Africa has multiple burden of disease. While the continent is still grabbling with traditional communicable and infectious diseases, there is increasing burden of non-communicable diseases (NCDs) such as hypertension, diabetes mellitus, cancers, etc., in addition to HIV/AIDS, malnutrition, wars and conflicts. The rapid epidemiologic transition from communicable to non-communicable diseases can be attributed to rapid urbanization, unhealthy diets rich in fats and salt, western lifestyle and sedentary living.
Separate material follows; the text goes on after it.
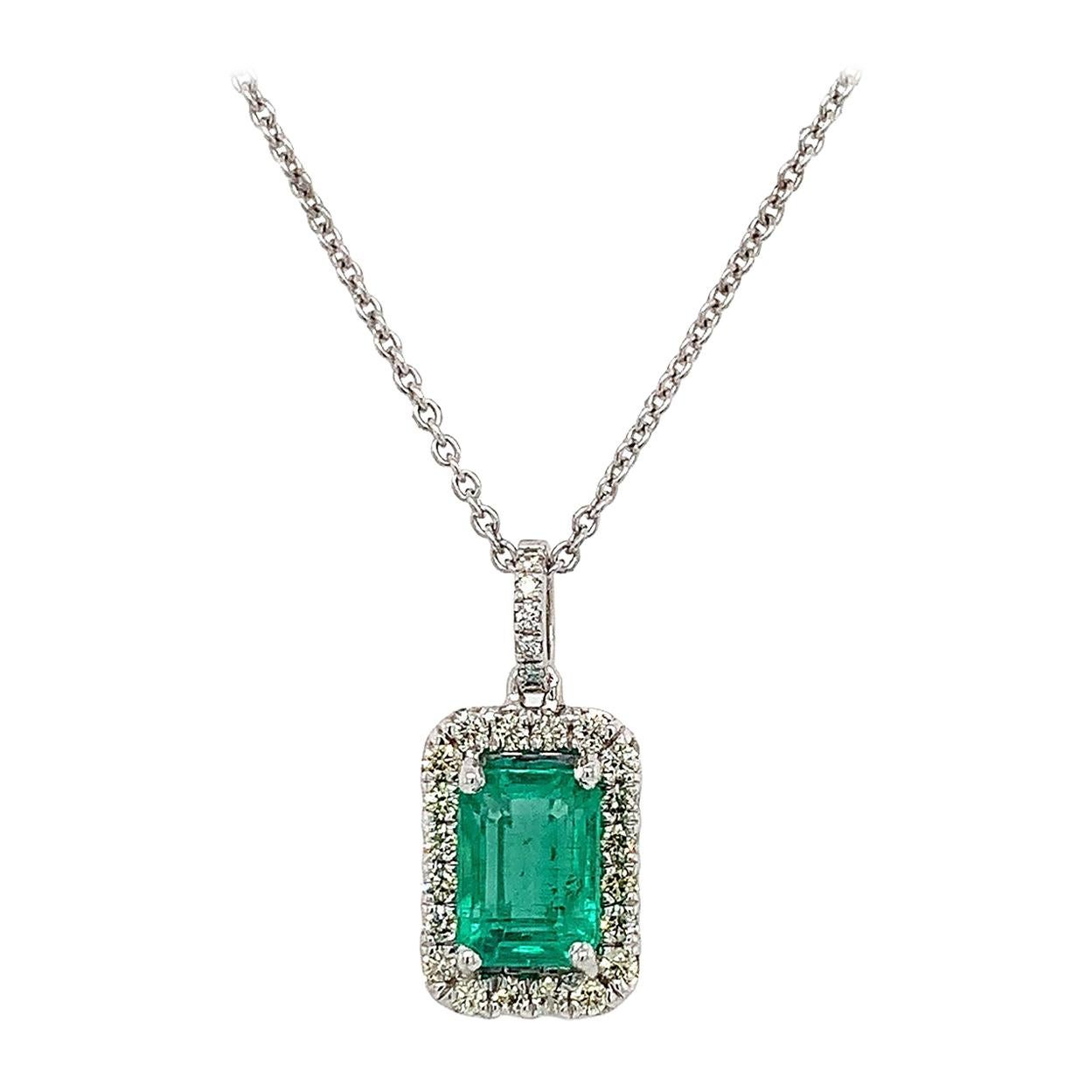 18 Karat White Gold Green Emerald Halo Diamond Pendant 'Center-2.11 Carat' For Sale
The global burden of disease 2015 report ranked NCDs only second to HIV/AIDS as the commonest cause of morbidity and mortality in SSA. It is projected that in the near future, NCDs will become the bigger cause of mortality in the region.

Like in other parts of the world, heart failure (HF) is associated with high morbidity and mortality, frequent hospitalization and high economic cost. In sub-Saharan Africa, HF has been shown to affect young and middle-aged adults with the attendant high disability-adjusted life years. This is contrary to the pattern of HF in high-income countries of North America, Western Europe and Japan where HF is essentially a disease of the elderly. Furthermore, while ischaemic heart disease is the commonest aetiologic risk factor for HF in high-income countries, HF in SSA is essentially non-ischaemic in origin. Hypertensive heart failure, dilated cardiomyopathy, rheumatic heart disease, pericardial diseases and HIV-associated cardiomyopathy are the common risk factors.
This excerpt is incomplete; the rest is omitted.